This little essay is a work in progress. It may is a little rough, but I'm letting you have it all the same. I guess, when it comes down to it, what I'm trying to say is that the cost of living and leisure time rewards of environmental living are harder to reap if you live within a culture that still prioritizes consumption.
One of the things I often talk about is how about building community and spending more time with kids, for example, would make us happier than does the huge material consumption we have become accustomed to. Indeed, to my way of thinking, one of the top benefits of a lifestyle or culture that prioritizes a respect for and effective use of resources would be more leisure time.
Because if you use fewer resources then you get to spend less time digging them out of the ground, moving them around, molding them into the stuff you want, and working to pay for them.
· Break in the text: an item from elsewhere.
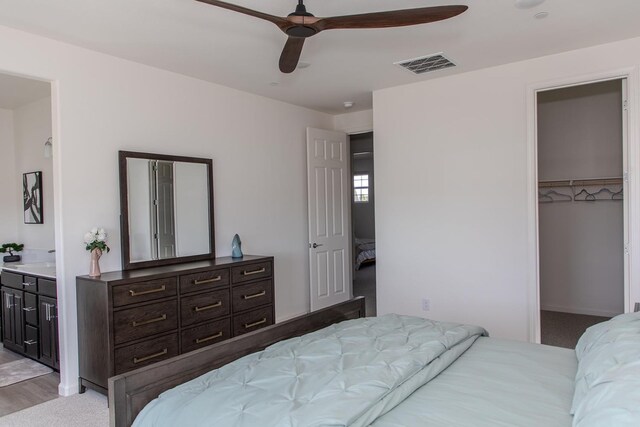 508 Laurel Crest Ave, Madera, CA 93636 - bedroom with a spacious closet, ensuite bathroom, ceiling fan, and a closet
Juliet Schor says in her book the Overworked American that, because of productivity increases, if we accepted a 1948 standard of living (in terms of goods and services and, presumably, levels of resource consumption), we could have a four hour work day or take every other year off.
But instead of getting more leisure time as productivity goes up, we tend to get more income. American employers, for a host of reasons including training and turnover costs, would much rather have fewer workers toiling all the hours than double the workers with a more leisurely schedule.
So we get a harried schedule where American workers put a full work-month more every year than their European counterparts. In return, we get disposable income which we can exchange for consolation prizes at the nearby mall.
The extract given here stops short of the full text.